Kathy Hodgkinson, dean of education at Liverpool Hope University College, said:

“It is something that providers have wanted for years. But it will mean the death of four-year BEd courses. I think that the announcement that the primary pilot will be for one year only could have a de-stabilising effect on recruitment on the PGCE primary courses for next year, 2001, because that recruitment cycle begins September 2000.”

Brian Woolnough, lecturer in science education at Oxford University’s department of educational studies, said: “I am sure the money will help but it will not solve theproblem. It is a move in the right direction, but without being nit-picking it isn’t very much. Police and nurses get considerably more and I suspect it won’t make anything like the difference we think, unlike the programme for subsidised housing which is a much more positive move.”

Graham Butt, head of secondary PGCE courses at University of Birmingham, said:

“It’s the pay structure that makes teaching an unattractive career choice for good graduates. The profession is going to need some fairly radical reshaping to change that and a one-year bonus of money is not going make it look any more attractive.”

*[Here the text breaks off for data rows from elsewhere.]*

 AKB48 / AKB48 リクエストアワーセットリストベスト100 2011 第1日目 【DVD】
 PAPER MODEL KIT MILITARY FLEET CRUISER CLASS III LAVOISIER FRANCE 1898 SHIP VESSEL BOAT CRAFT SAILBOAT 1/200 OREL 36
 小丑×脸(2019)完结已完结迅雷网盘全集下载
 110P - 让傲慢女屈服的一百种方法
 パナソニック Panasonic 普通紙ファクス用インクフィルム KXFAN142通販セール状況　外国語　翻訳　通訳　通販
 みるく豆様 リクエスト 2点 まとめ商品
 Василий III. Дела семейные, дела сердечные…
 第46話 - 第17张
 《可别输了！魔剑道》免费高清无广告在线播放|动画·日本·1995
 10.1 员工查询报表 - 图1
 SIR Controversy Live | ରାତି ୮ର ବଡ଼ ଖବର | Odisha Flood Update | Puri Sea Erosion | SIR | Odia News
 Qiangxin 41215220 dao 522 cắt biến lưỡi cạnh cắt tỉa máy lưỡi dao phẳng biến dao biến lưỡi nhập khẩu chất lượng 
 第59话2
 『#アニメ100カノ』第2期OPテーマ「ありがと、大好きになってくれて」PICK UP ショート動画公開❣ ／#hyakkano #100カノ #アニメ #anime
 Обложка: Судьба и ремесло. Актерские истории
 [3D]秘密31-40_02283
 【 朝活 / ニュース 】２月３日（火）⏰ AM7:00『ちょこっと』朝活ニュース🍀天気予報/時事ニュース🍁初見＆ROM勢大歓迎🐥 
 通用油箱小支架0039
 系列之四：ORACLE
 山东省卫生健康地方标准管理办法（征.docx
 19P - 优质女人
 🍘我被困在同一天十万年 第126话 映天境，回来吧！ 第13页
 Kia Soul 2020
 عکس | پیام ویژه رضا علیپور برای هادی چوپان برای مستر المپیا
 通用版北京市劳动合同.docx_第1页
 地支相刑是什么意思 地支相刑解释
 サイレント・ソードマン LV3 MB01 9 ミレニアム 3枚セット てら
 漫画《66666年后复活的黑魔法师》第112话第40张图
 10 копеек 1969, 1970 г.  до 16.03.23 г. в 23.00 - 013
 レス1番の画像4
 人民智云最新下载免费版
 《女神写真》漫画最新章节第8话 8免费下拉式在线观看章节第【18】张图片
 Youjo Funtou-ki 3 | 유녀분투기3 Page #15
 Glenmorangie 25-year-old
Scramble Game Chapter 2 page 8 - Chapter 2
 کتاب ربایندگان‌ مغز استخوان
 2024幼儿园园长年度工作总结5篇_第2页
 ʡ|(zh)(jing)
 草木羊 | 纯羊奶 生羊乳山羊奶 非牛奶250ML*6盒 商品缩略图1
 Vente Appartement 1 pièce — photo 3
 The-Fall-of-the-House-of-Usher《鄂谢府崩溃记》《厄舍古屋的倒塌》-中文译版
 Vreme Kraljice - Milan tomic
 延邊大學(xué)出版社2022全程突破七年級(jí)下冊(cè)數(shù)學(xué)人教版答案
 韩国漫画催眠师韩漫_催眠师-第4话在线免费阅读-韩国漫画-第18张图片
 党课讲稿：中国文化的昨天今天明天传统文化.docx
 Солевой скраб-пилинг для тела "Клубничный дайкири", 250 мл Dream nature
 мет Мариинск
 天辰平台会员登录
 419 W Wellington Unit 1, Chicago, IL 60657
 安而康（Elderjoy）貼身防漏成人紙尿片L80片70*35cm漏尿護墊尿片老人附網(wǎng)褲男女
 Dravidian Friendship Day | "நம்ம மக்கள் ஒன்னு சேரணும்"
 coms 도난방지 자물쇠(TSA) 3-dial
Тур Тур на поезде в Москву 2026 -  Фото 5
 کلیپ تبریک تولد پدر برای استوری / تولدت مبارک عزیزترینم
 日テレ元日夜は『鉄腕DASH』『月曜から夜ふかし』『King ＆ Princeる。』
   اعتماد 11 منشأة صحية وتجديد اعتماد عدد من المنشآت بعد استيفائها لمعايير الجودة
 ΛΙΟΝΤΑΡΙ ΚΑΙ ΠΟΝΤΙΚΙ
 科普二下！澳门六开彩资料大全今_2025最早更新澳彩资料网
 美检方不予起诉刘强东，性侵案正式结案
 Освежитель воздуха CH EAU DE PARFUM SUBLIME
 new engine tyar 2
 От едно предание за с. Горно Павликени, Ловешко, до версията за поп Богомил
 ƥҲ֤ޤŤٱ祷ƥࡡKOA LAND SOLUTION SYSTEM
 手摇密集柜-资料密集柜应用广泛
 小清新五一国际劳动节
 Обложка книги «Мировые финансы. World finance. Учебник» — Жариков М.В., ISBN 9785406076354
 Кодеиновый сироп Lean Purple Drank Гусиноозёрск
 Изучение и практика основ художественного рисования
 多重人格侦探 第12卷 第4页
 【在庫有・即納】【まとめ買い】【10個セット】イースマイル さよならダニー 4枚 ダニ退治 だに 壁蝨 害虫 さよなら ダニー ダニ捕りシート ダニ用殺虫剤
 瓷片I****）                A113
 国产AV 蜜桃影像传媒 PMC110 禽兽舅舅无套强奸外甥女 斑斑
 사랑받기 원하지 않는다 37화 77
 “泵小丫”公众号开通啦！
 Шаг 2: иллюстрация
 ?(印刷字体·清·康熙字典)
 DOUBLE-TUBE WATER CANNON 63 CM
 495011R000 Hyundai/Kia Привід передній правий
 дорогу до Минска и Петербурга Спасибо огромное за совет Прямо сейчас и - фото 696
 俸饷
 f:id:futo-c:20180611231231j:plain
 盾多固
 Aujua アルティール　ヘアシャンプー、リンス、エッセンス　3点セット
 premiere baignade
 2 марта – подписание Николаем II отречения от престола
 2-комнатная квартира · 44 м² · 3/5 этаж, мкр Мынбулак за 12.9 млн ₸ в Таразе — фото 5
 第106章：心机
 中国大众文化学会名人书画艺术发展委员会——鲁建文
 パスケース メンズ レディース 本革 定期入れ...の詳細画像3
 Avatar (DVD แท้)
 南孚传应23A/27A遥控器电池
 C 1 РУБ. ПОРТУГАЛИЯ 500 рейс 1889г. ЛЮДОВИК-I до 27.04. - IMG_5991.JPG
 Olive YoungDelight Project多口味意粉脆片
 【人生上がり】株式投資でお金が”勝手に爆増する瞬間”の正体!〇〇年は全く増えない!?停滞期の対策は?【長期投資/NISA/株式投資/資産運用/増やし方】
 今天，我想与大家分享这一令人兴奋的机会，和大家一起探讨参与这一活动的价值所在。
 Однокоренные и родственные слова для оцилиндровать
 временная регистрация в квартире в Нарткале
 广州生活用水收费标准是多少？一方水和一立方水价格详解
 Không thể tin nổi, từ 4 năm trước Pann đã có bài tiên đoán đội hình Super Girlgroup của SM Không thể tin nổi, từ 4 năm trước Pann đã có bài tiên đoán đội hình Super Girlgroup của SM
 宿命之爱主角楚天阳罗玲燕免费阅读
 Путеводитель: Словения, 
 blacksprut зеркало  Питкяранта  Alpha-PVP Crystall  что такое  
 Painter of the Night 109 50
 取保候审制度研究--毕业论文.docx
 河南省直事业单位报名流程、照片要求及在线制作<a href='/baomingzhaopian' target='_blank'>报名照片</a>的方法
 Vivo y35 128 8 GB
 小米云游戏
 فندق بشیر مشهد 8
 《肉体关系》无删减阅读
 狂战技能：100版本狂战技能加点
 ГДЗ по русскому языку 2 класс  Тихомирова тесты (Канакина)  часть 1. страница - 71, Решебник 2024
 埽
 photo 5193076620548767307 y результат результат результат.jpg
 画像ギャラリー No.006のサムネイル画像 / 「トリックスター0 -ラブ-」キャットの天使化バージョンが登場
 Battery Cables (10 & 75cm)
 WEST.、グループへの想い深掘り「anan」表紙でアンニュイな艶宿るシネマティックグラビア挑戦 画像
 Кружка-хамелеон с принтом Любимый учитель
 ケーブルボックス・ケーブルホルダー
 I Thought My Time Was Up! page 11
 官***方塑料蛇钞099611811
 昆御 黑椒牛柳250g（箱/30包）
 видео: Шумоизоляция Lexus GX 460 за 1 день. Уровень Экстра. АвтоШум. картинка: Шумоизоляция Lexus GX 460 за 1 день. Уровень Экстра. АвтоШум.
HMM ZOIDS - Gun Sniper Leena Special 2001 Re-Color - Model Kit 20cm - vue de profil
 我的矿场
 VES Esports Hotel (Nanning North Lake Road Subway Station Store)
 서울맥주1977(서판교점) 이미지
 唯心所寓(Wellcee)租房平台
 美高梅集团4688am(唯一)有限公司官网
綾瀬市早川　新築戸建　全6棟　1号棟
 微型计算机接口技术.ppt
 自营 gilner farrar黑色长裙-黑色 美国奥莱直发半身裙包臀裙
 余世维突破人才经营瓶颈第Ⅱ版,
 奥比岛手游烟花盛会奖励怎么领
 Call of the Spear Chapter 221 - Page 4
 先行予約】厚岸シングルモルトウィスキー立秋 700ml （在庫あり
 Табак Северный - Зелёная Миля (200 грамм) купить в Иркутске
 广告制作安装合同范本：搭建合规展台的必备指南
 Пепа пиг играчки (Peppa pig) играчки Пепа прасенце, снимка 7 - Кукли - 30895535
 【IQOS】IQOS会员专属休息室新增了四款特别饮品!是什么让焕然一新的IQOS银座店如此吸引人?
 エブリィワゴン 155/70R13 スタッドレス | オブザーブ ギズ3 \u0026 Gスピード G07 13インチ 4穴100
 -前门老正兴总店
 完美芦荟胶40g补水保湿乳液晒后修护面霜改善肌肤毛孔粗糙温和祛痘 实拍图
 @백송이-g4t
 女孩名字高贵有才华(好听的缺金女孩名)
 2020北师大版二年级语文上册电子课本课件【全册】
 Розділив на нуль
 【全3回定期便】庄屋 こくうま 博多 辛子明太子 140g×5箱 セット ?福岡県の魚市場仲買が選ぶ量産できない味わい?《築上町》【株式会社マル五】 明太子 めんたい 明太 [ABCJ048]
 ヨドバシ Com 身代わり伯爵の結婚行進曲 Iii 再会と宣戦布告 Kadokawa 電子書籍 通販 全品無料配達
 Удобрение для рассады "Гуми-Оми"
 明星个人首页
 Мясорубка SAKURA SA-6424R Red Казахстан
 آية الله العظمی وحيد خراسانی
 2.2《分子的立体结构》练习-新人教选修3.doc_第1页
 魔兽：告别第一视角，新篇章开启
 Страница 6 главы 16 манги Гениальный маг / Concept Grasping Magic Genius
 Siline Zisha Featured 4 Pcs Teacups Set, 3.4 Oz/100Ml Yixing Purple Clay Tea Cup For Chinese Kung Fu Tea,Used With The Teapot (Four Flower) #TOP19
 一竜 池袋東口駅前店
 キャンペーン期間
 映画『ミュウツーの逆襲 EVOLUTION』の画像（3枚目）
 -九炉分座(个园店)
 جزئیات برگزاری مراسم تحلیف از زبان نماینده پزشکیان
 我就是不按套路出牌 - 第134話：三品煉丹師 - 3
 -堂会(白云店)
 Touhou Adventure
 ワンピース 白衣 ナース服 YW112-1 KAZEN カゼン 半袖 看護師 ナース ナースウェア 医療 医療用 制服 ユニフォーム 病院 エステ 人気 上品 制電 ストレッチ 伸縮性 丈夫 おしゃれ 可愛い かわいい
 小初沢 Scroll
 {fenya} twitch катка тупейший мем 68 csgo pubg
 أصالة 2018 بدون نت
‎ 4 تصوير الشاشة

Barry Hobbs, co-ordinator of alternative routes into teaching at Bradford University, welcomed the training grant, but added: “If it is the Government’s intention to do away with the four-year undergraduate course then they need to be explicit about that instead of doing it through the back door. I think they need to make it clear if they want primary teachers to have a subject degree instead of a general teacher training education.”